I know what I am not! I am not a conceptual artist. My world has always been one of experience and embodying what it is that I feel and have come to know.
My work is an ongoing expression of my daily relationship with the meditation practices of Bon Buddhism and my personal world. My interaction with the daily and ever-changing moments of desire, aversion and disconnection are the ‘working ground’ and the wellspring of these collages.
Creating these collages is my way of bringing the Buddhist teachings into the ‘dance of life’. Each represents the transformative possibilities in any given moment and I encourage the viewer as he/she stands in front of one of them, to take a moment, to breathe and connect to the open space of one’s mind (heart and mind are ‘one’ in the Tibetan tradition) before the dialogue begins.
For over forty years, as a Martha Graham-based modern dancer and master teacher, I pushed myself to go beyond perceived limitations and boundaries in the quest for absolute union of body, mind, and spirit.

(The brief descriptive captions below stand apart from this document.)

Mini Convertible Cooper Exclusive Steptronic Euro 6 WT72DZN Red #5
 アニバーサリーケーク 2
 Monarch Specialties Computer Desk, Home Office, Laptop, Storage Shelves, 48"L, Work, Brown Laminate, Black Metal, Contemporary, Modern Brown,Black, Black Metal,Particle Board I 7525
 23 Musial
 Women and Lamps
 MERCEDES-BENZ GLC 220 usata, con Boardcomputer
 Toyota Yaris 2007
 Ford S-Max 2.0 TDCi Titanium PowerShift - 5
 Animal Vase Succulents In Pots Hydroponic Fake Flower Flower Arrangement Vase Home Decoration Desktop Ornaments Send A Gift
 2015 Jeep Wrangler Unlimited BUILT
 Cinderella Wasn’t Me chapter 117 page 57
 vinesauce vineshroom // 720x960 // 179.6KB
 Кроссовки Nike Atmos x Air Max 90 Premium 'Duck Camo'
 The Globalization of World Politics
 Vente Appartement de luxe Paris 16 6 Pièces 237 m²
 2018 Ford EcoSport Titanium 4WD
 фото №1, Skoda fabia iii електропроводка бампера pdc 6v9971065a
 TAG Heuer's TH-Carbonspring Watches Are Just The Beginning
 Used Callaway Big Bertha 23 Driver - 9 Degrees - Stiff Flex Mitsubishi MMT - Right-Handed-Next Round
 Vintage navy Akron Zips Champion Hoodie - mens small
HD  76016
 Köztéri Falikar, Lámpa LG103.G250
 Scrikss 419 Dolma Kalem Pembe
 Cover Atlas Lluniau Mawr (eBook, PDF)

My life in (and out of) the studio was a complex of relationships to the conscious and sub-conscious worlds. With bare feet upon a smooth wooden floor, I physically worked my way from the ground to standing – moving through space in diagonals, parallels and spirals – rising and falling – while metaphorically I embodied archetypes and the complexity of the human realm to the accompaniment of primal drums or an unbridled piano. My primary relationships were with the ground below me – mother earth – and the space through which I travelled. In dance, these elements and I became one. This was my language, my world that I had come to trust and know so well.
The extreme rigors of the career eventually took its toll on my body and I had to stop teaching. Devastated, I retreated, grieving the death of ‘me’ as I had known her for my whole life. It was during this time that I decided to make a personal commitment to deepen and strengthen my Tibetan Buddhist meditation studies of many years.
I enrolled in a personal-transformational program in the USA called The 3 Doors Academy, created by Tenzin Wangyal Rinpoche. In the program, using self-reflection, journaling, and daily formal and informal practices of Bon and Dzogchen meditation, the practitioner was required to embrace and transform personal challenges in the areas of self, family, and work/community. All in all, we had to complete 63 transformations, written and submitted over the course of 2 1/2 years.
During this intense process, I embraced my ‘lost self’, befriending and dissolving the grief, anger, fear, and personal angst about the loss of creative expression that was so vital to me and my loss of status and value in the ‘world’.
Over time I made peace with and let go of the need to ‘be a somebody’ and opened into the uncertainty of what was next. Immersing myself in beginner’s mind I began to choreograph and dance in a different way by making collages.